→ **WORK TO COMPLETE**: Instruction for the listing below: copy exactly, and only, the lines from the one holding "2602 SW 64th Court, Palm City, FL 34990" through its last line, omitting any picture.

→ **THE DATA**:
++++++++

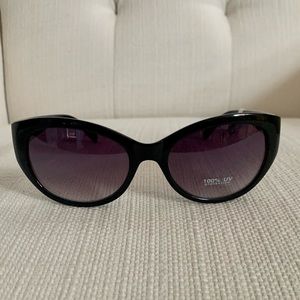 NWT black oval Ann Taylor sunglasses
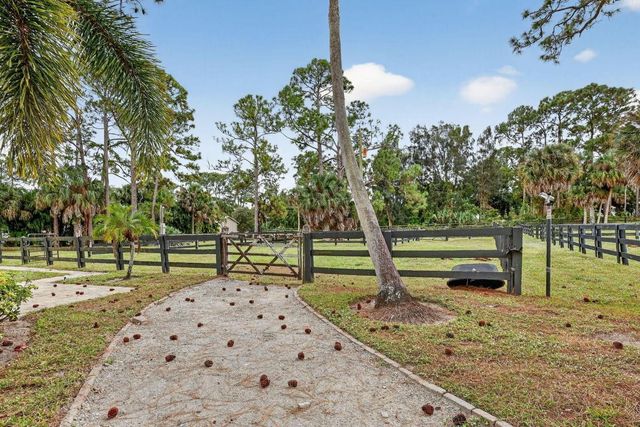 2602 SW 64th Court, Palm City, FL 34990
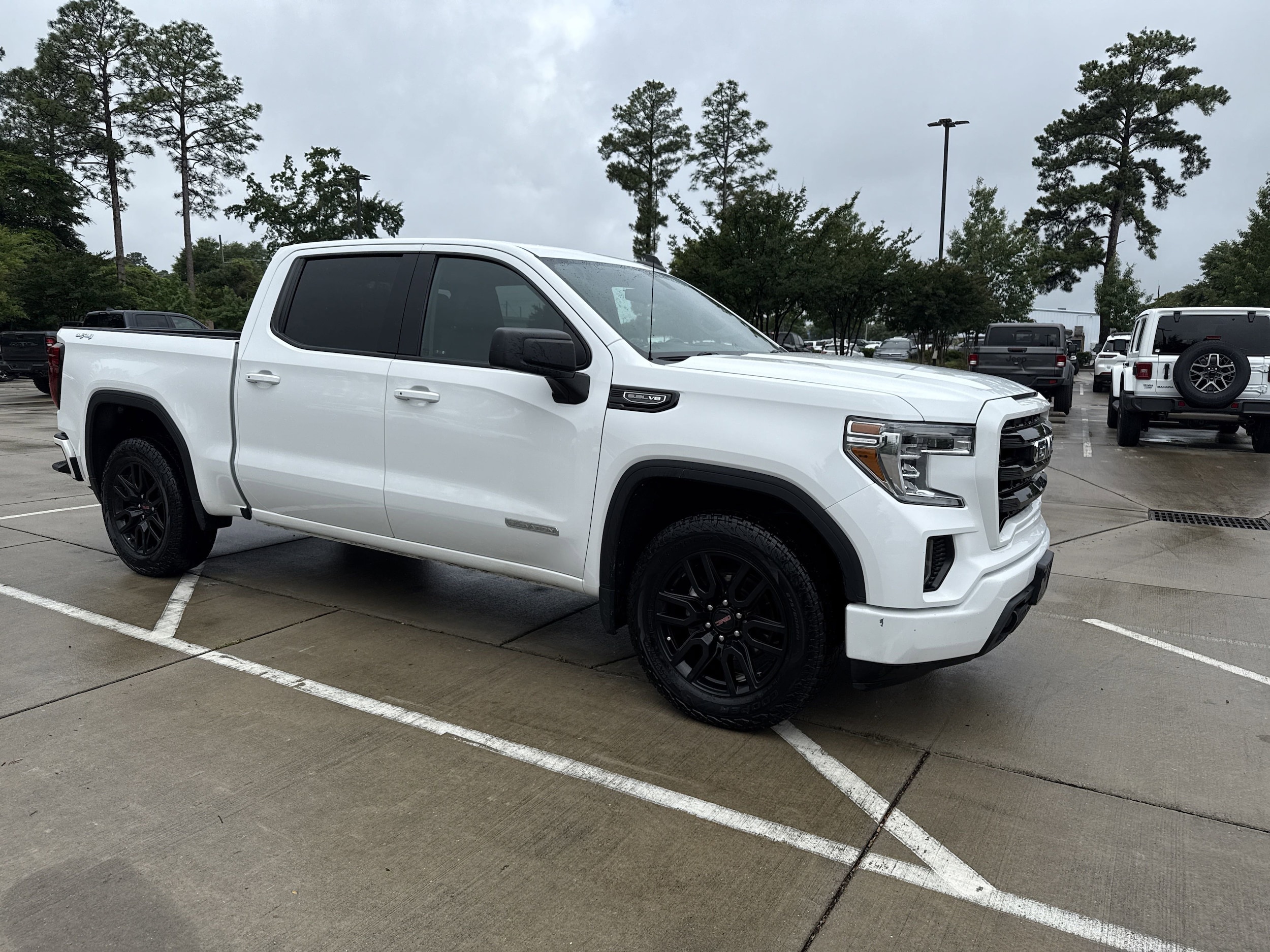 Used 2022 GMC Sierra 1500 Limited Elevation with VIN 3GTU9CED2NG192366 for sale in Wilmington, NC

++++++++

→ **ANSWER**:
 2602 SW 64th Court, Palm City, FL 34990
 Used 2022 GMC Sierra 1500 Limited Elevation with VIN 3GTU9CED2NG192366 for sale in Wilmington, NC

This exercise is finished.